Cyrano de Bergerac is the greatest swordsman in France, capable of taking on 100 assailants at a stroke. He is not the kind of man who accepts insults lightly, even if his conk is the size of his ego.

And if his sword doesn’t do for you, then his equally sharp rapier wit most certainly will.

Director Trevor Nunn’s new interpretation of the classic story of the soldier poet, haunted by his love for the beautiful Roxane, yet forced to provide the words to woo her for another man, burst onto the Chichester stage this week.

Hollywood star Joseph Fiennes (Shakespeare In Love) plays Bergerac. A powerful, moving performance, made even more remarkable by the need to overcome – much as his character – the huge organ attached to his face.

And massive it is. Not the slim, turned-up, Pinocchio of a sniffer, the kind used for comic effect in Steve Martin’s film adaptation, Roxanne, but a solid, thick, giant of a hooter in the Gallic style.

For Cyrano, pictured, it is word play he longs to use to deflect from the deformity he believes makes him ugly to the world. Fiennes proves it can be achieved, turning in a startling performance where the nose that hides most of his facial expression is forgotten before the first scene is played out. He is, it seems, not just a pretty face.

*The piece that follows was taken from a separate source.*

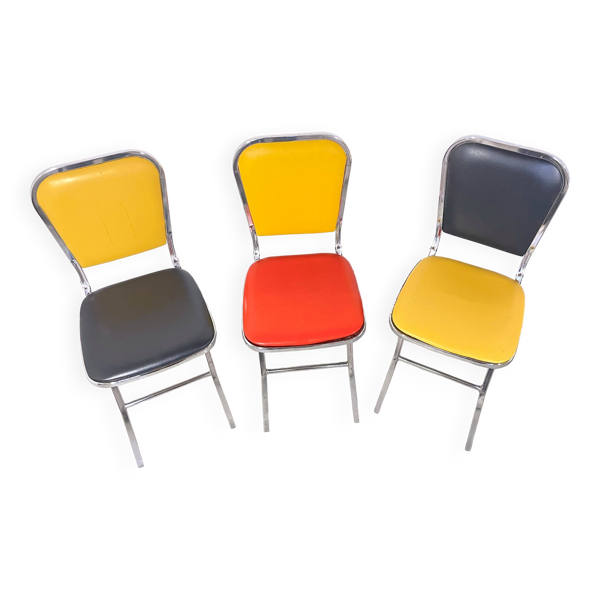 3 chaises pliantes chrome & faux cuir , Elio Zema, Italie 1980's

Alice Eve plays the beautiful, wilful Roxane in exuberant style. She has a comic wit to challenge all but Cyrano, but at times the audience could have been left wondering why a soul as deep as Bergerac would fall so hopelessly for such a childish imp as she gambols impetuously around the stage.

Stephen Hagan is the handsome yet dumb Christian, persuaded by Cyrano to let him provide the soul to his advances to Roxane but who comes to realise she has fallen for a myth.

Commanding the stage whenever he makes an appearance is Scott Handy in the role of Le Comte de Guiche; a truly superb performance of understated, measured aristocracy moving effortlessly from rogue to victim, from revision to pity and finally respect.

The battle scene from the siege of Arras is the showpiece of the drama, both dramatic and emotional.

Nunn has created a tour-de-force at Chichester. A pity that it will only run for two weeks. Tickets are still available.